Days when your heart stopped

One of my favourite tv shows on at the moment is ‘Mad Men’. It’s a show that seems to have a cult following with many people not knowing it at all. The premise is that it is about a New York ad agency in the early 1960’s and it is now in it’s third series. Tonight’s show was how people reacted when John F Kennedy was shot – I couldn’t tell you, I was 9 months old at the time. It is said that everyone from that time remembers where they were when they heard the news. For our generation I guess the JFK moment would be 9/11. Moments that freeze time.

As the show finished tonight I remembered back over the 47 years of my life and thought about similar heart stopping moments and, of course, I can only speak from my own experience. Hearing that Elvis died; I was 13 and in bed, the news came through about 10 o’clock at night and my mum told me. When I heard that John Lennon had been killed I was in a bed sit with my girlfriend in Higham Ferrers – at first I couldn’t work out why there were Lennon songs constantly on the radio. This was pre-breakfast tv news. For a lot of people hearing that Michael Jackson died last year was a major event and I suppose the only other event that comes straight to mind was hearing that Princess Diana had been killed in a car crash. For me that was an early morning radio news event and I was in bed.

So much for fame. What about moments that have caused your heart to stop? Those times when you are frozen between fear and being over-whelmed. As I think about those now this is what comes to me. My girlfriend, in 1989, saying she didn’t love me anymore. That was on the Bank Holiday Monday, by Saturday she was gone. Being told that the mother of my child was pregnant – at first not the joyfully happy event it should have been – we were on the brink of splitting up; although we did stay together for a couple of years after. Another break up, many years later, in 2005 when again someone told me that it was over – that relationship did stay together for almost two years more too before coming to an end.

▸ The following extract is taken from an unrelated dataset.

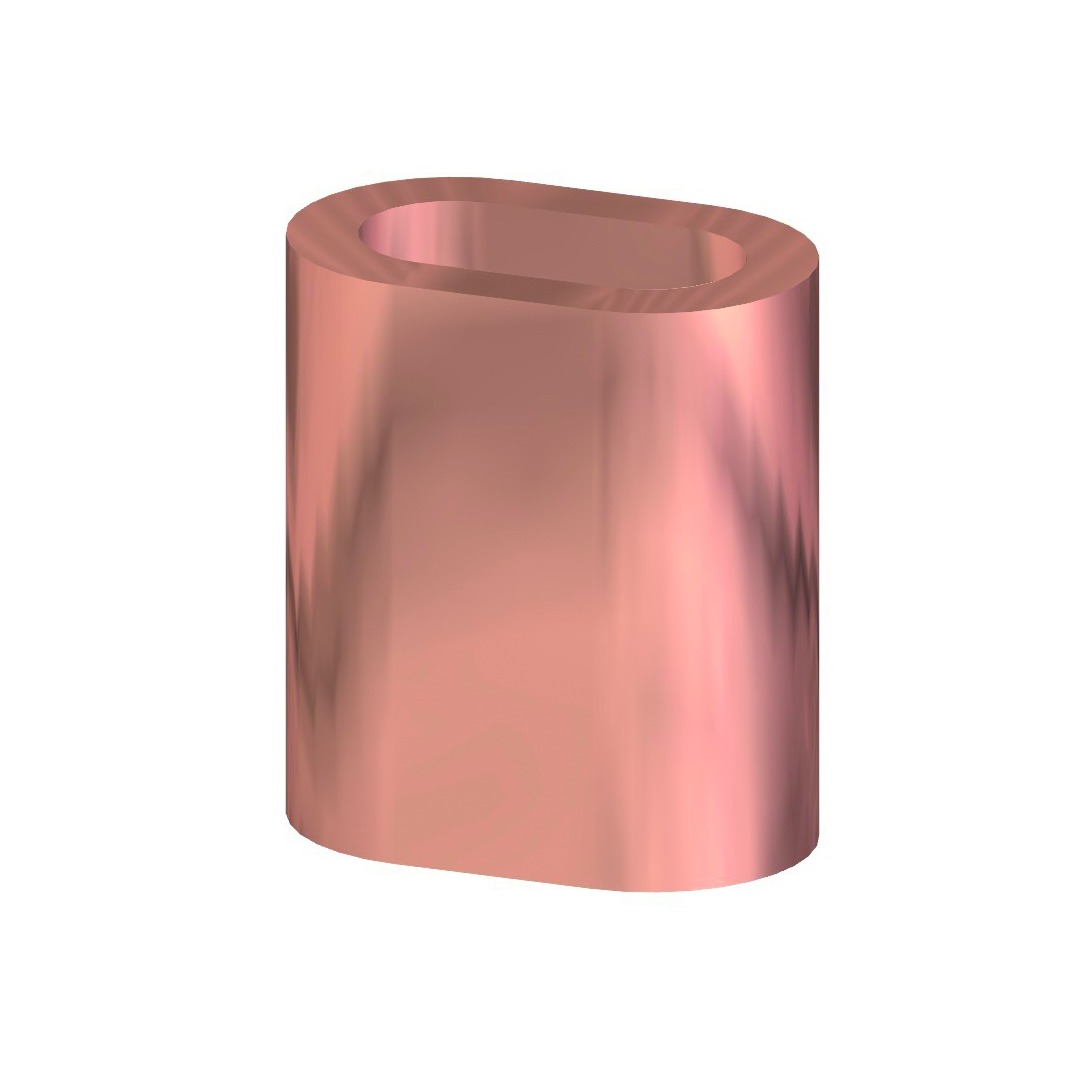 100 STCK / PCS. Copper ferrule Cu  1mm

It’s that bone chilling moment when life as you know it comes to an end. You have prepared yourself for a future and that future no longer exists. The great mourning of relationships is not that you will no longer have each other’s company rather that your dreams will be unfullfilled. How many dreams and ambitions have I achieved with not the instigator of the dream, but a different recipient? Crazy, irrelevant romantic notions like visiting Carnforth Railway Station (where ‘Brief Encounter’ was filmed) or Portmerion in Wales. The unfulfilled dream of travelling on the railway between Exeter and Torquay where the train travels so close to the sea that it washes over the track. Dreams are to be achieved, but sometimes we take too long, expecting to have infinite time. If history teaches us anything it shows us that we must do things as soon as we can. Create the wealth to achieve the dreams by focussing on your goals so that the trivial and banal become the moments most cherished. You never know when it might be whipped away from you.